Susan Graham: Well, let me backtrack a minute. I went to Manhattan School of Music, not only to have a reason to come to New York, but also to win the favor of John Crosby, who was the founder of The Santa Fe Opera, and at that time was still running The Santa Fe Opera. Because where I come from, Santa Fe Opera was the thing you want to go do. It was the biggest thing in my vicinity, and some of my friends had been Santa Fe Opera Apprentices, and I thought, "That's what I wanna do". But my teachers in Texas would never put me up for it, because, at that time, they didn't think I was ready - and I probably wasn't. I was a budding mezzo, you know. By the way, at the risk of offending my soprano friends, I have not been called 'America's Favorite Soprano', as you said at the beginning. I was back there going, "Renée's gonna kill me". No, 'America's favorite mezzo'. ("Joyce is gonna kill me"). But that's an old title. So, you know, there are many favorite mezzos in our midst.

Marc A. Scorca: Well, not in this room, for sure.

Susan Graham: Anyway, I digress. So, I went to Manhattan School of Music, so that John Crosby would see me and love me and ask me to be an apprentice.

Marc A. Scorca: Was he president of MSM at the time?

Susan Graham: Yeah. So, I came up here and I did everything I could in the first year, and then I auditioned for The Santa Fe Opera Apprentice Program, and I was rejected. And I went, "Ooh, that plan didn't work". I lived in Texas and went to New York to come back to New Mexico. Anyway, the second year, I thought, "I'm gonna get it this time". And I did everything at Manhattan School of Music, and actually, I was the lead in the opera at Manhattan School of Music, and I auditioned again for The Santa Fe Opera Apprentice Program, and I didn't get in. And I thought "Something's terribly wrong here". Since then, I've been back hundreds of times doing leading roles...

Marc A. Scorca: There is a life lesson here.

Susan Graham: Yes. I have forgiven them. I think maybe that's why they keep inviting me back to make up for those two years that I didn't get in as an apprentice. No. I always tell the apprentices that every summer in Santa Fe. I always say, "So, you're ahead of the game where I was at when I was your age". Anyway, I also auditioned for Wolf Trap and Merola. Anyway, I ended up going to Merola, after I graduated from Manhattan School of Music, and that was a life-changer for me. It was the perfect place for me and I got a lot of instruction and I got to participate in some operas, and it was really a big catalyst for me. Back then they had the competition, sort of talent show at the end of the summer, and I won the Grand Finale Prize at Merola, which - sort of - was shocking. I remember standing on that stage and they read off fourth place and third place and second place and first place.

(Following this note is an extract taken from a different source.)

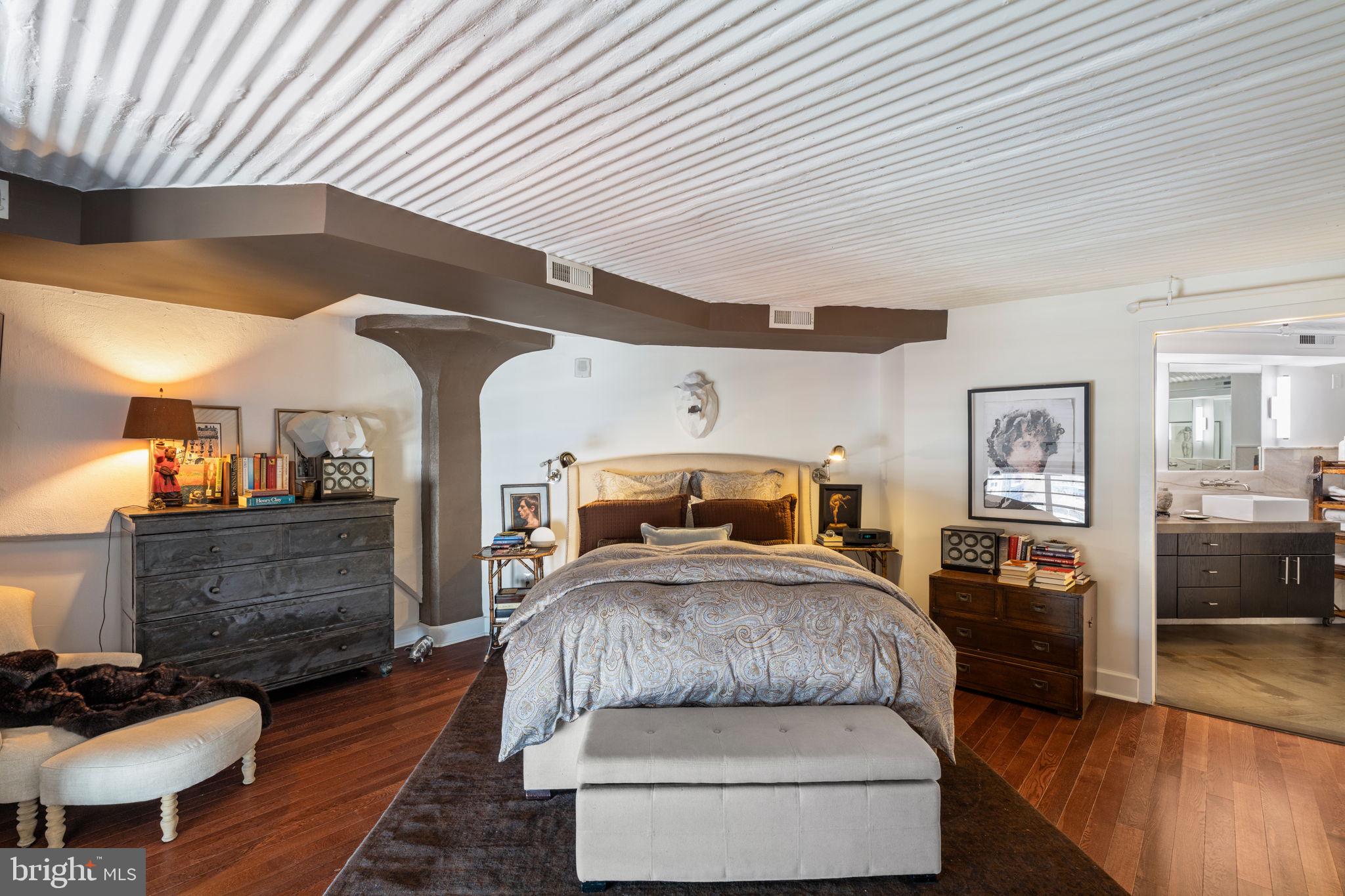 LOGAN SQUARE - Residential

And I said, "Well, all the best people have already won prizes, who's gonna win the top prize?" And then they called out my name and I couldn't believe it. And so that was sort of a little light went off for me, in that moment, thinking, "This might actually work; perhaps this career thing will work out". Then I came back to New York after that, the first time in 21 years that I hadn't started school in September. 21 years. I should have been a lawyer or a doctor.

Marc A. Scorca: You came back here not having any work. You'd finished Merola.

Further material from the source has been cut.